#### WHAT THE EXERCISE ASKS
Set down the data again exactly. Pictures are not part of the copy.

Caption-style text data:
===
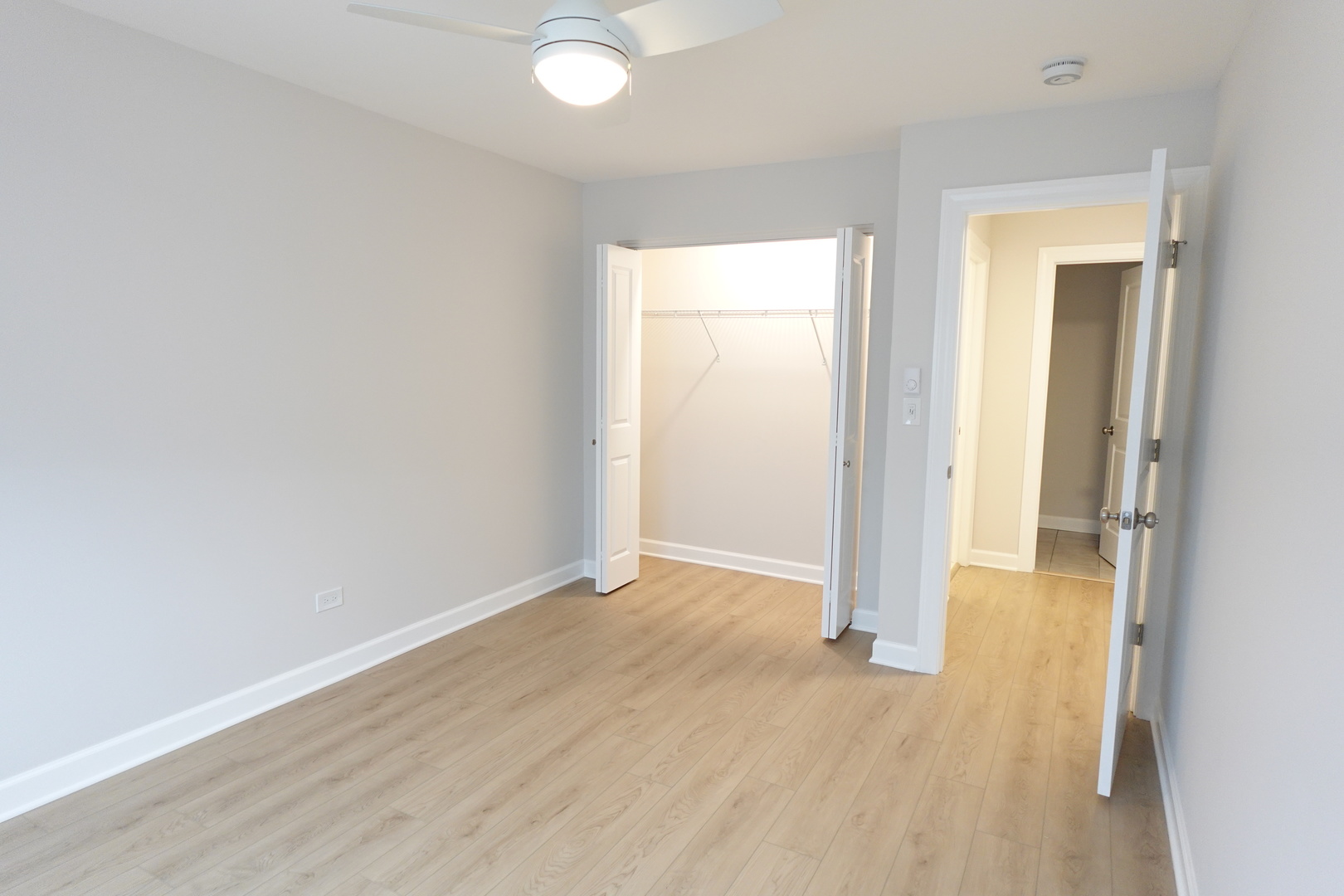 870 East Old Willow Road, Unit 153 Prospect Heights, IL 60070 - Photo 23 of 29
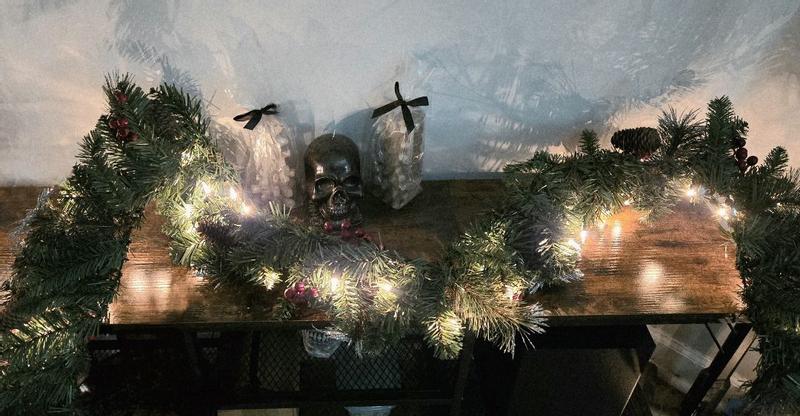 Photo from badkins13_1679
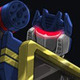 1423avatar_soundwave.small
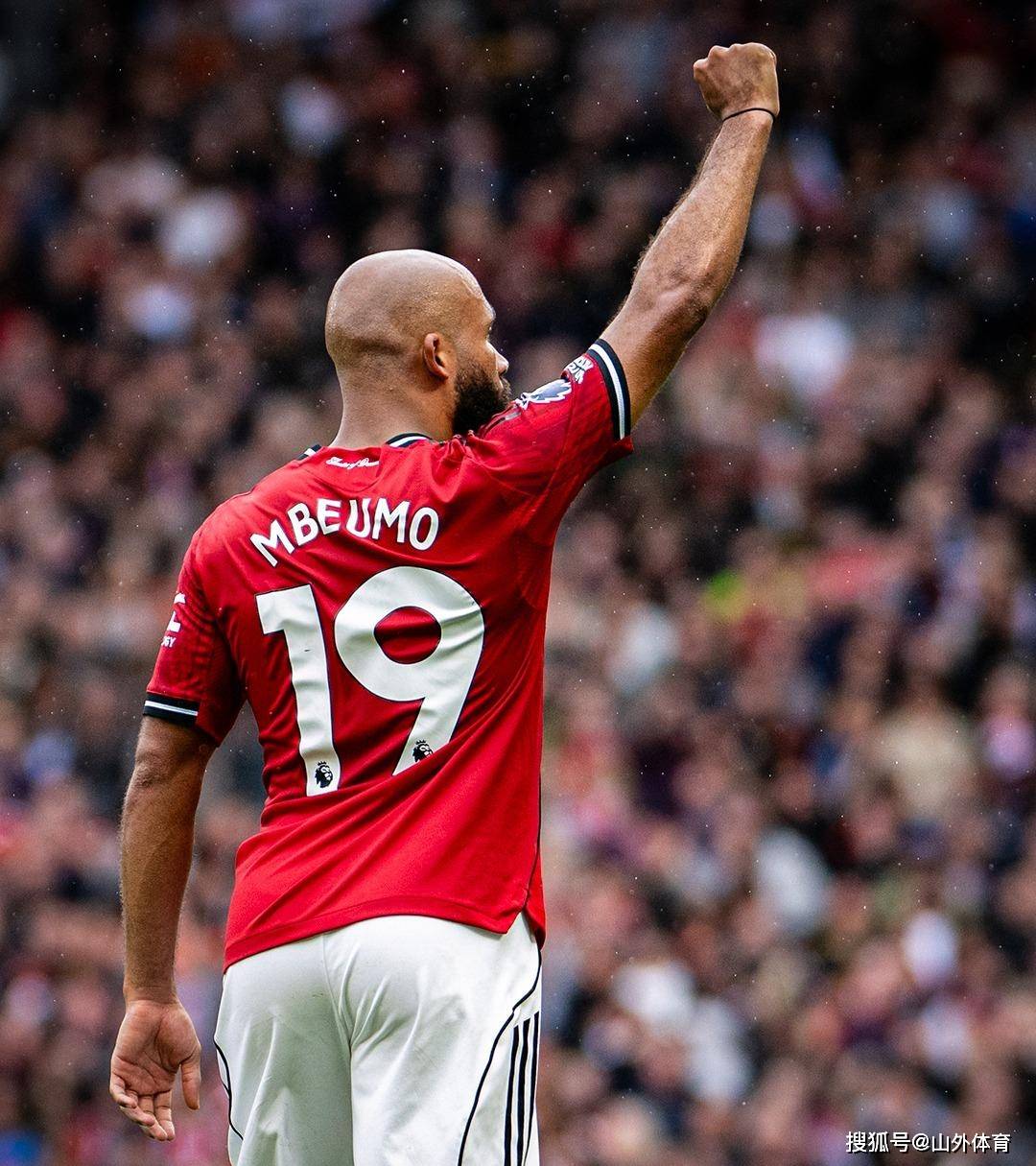 半岛体育app下载-曼联shaw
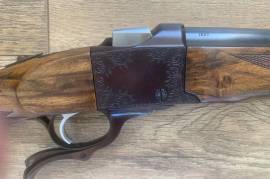 Ruger no 1, Highly customized Ruger no 1 in 458 Win Mag. Phone/ Whatsapp Charl 0832166891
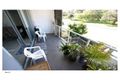 Property photo of 5/468-470 Coolangatta Road Tugun QLD 4224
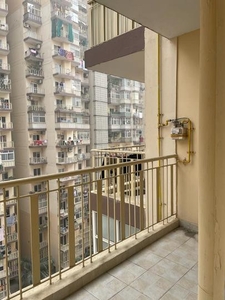 3 BHK Independent Floor for rent in Noida Extension, Greater Noida - 600 Sqft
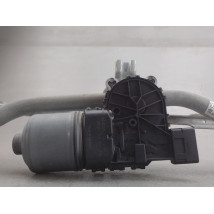 MECANISME ESSUIE-GLACE AVANT PEUGEOT 208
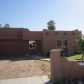 4807 E Culver St, Phoenix, AZ 85008 ID:105852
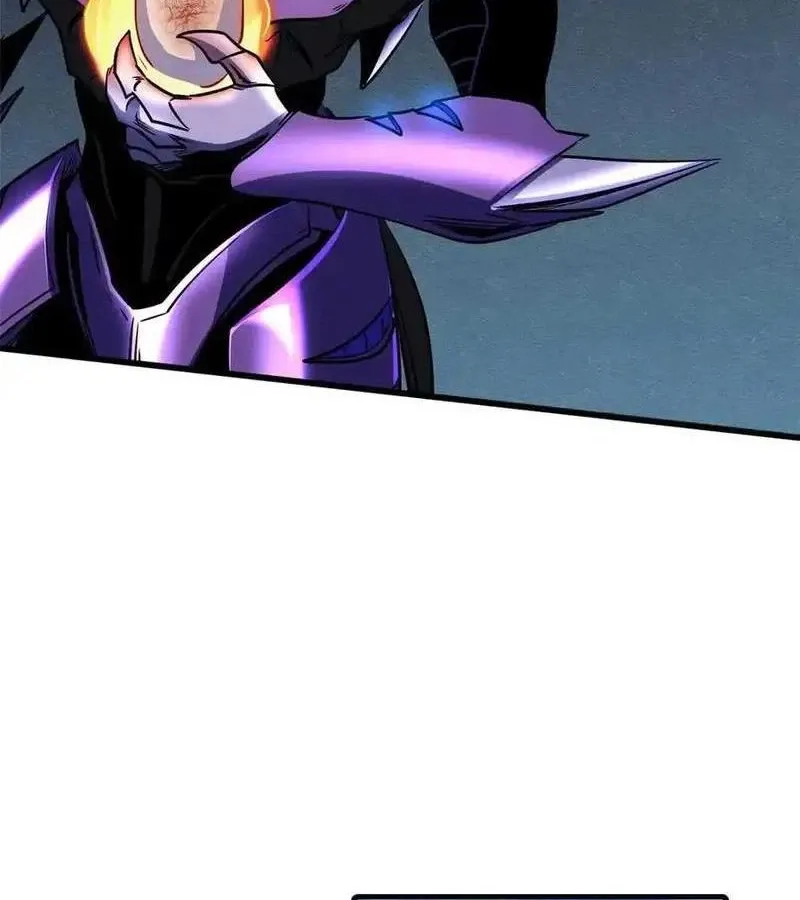 đọc truyện Siêu Cấp Thần Cơ Nhân Chương 275 ảnh 24 tại Thiên Thai Truyện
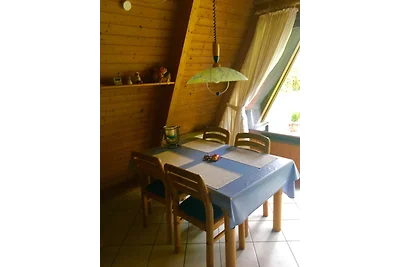 Comfort casa vacanza Ostseebad Damp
===
#### RESPONSE TO THE TASK
 870 East Old Willow Road, Unit 153 Prospect Heights, IL 60070 - Photo 23 of 29
 Photo from badkins13_1679
 1423avatar_soundwave.small
 半岛体育app下载-曼联shaw
 Ruger no 1, Highly customized Ruger no 1 in 458 Win Mag. Phone/ Whatsapp Charl 0832166891
 Property photo of 5/468-470 Coolangatta Road Tugun QLD 4224
 3 BHK Independent Floor for rent in Noida Extension, Greater Noida - 600 Sqft
 MECANISME ESSUIE-GLACE AVANT PEUGEOT 208
 4807 E Culver St, Phoenix, AZ 85008 ID:105852
 đọc truyện Siêu Cấp Thần Cơ Nhân Chương 275 ảnh 24 tại Thiên Thai Truyện
 Comfort casa vacanza Ostseebad Damp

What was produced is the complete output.